*** Material shown Section Begins ***

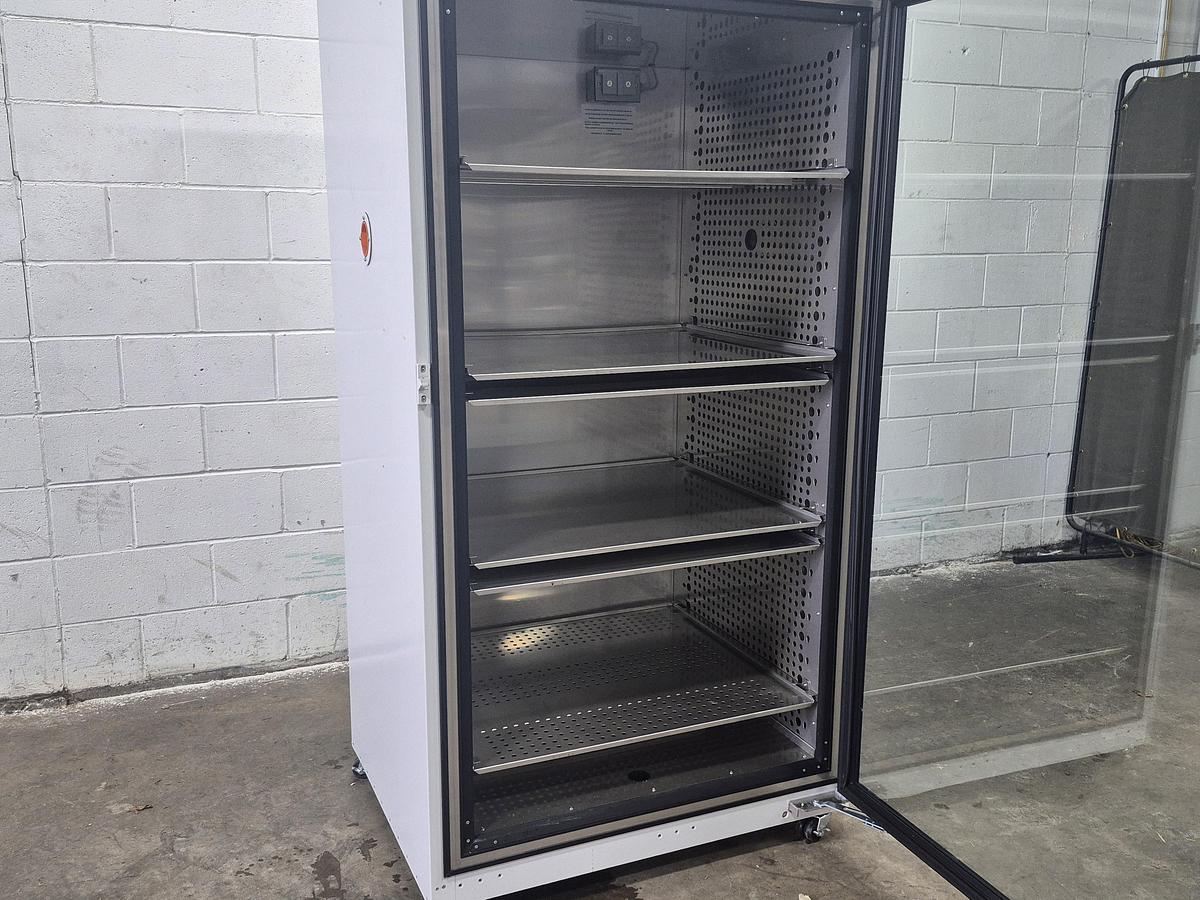 Used Thermo Scientific High-Capacity Reach-In Environmental Chamber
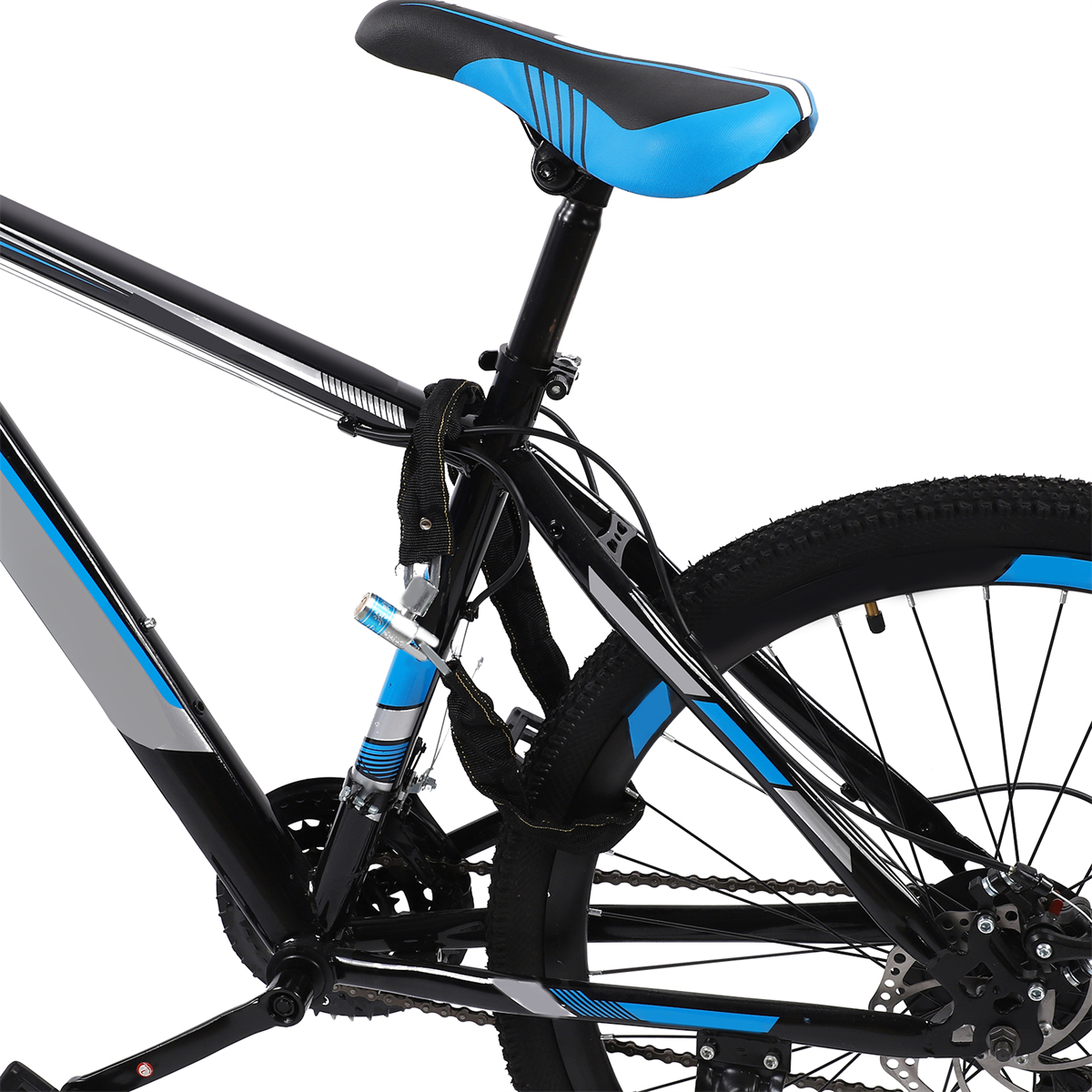 Ein schwarz-blaues Mountainbike mit einer Sicherheitskette, die um den Rahmen und den Hinterreifen gewickelt ist.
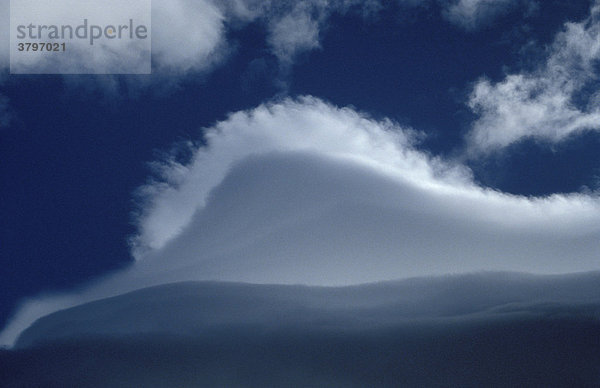 Wolkenfront in Island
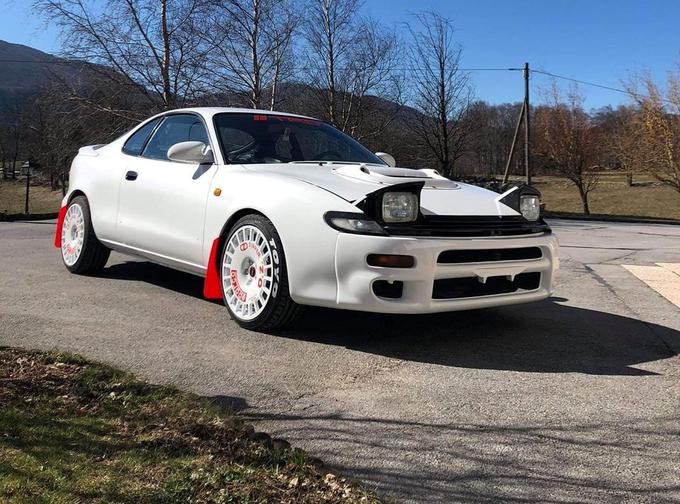 Obnovljena toyota celica s Predmeje, ki je pozneje dobila še Repsolove nalepke v slogu Sainzove šampionske toyote iz leta 1992. | Foto: osebni arhiv Peter Brecelj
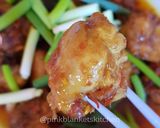 A picture of step 1 of Chicken in Red Chilli Sauce.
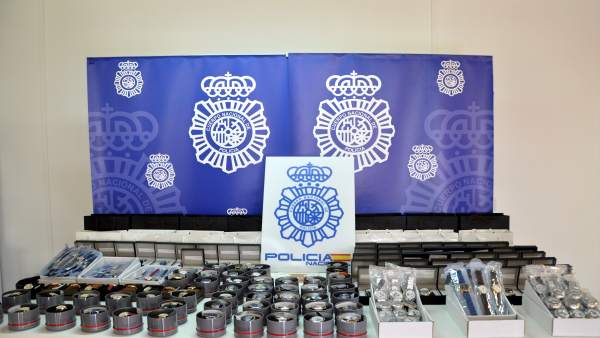 Relojes falsos intervenidos al detenido. Relojes falsos intervenidos al detenido.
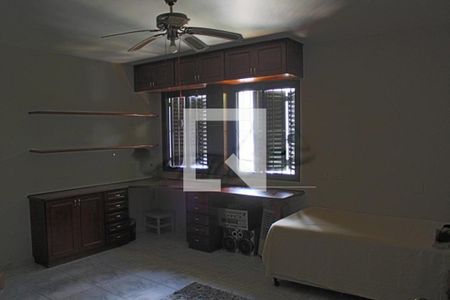 Casa à venda com 4 quartos, 262m² em Vila Moraes, São Paulo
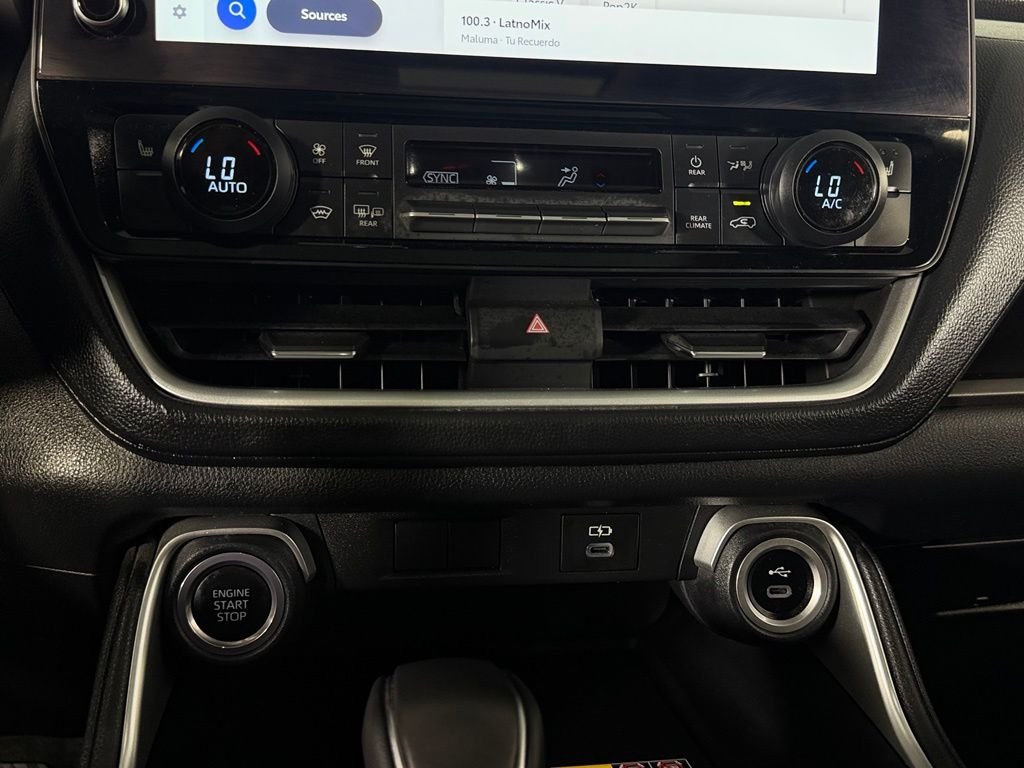 Used 2024 Cloud Toyota XLE image 32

*** Material shown Section Ends ***

Problem to work on: Reproduce the entries above word for word. Pictures stay out.

Output of the task:
 Used Thermo Scientific High-Capacity Reach-In Environmental Chamber
 Ein schwarz-blaues Mountainbike mit einer Sicherheitskette, die um den Rahmen und den Hinterreifen gewickelt ist.
 Wolkenfront in Island
 Obnovljena toyota celica s Predmeje, ki je pozneje dobila še Repsolove nalepke v slogu Sainzove šampionske toyote iz leta 1992. | Foto: osebni arhiv Peter Brecelj
 A picture of step 1 of Chicken in Red Chilli Sauce.
 Relojes falsos intervenidos al detenido. Relojes falsos intervenidos al detenido.
 Casa à venda com 4 quartos, 262m² em Vila Moraes, São Paulo
 Used 2024 Cloud Toyota XLE image 32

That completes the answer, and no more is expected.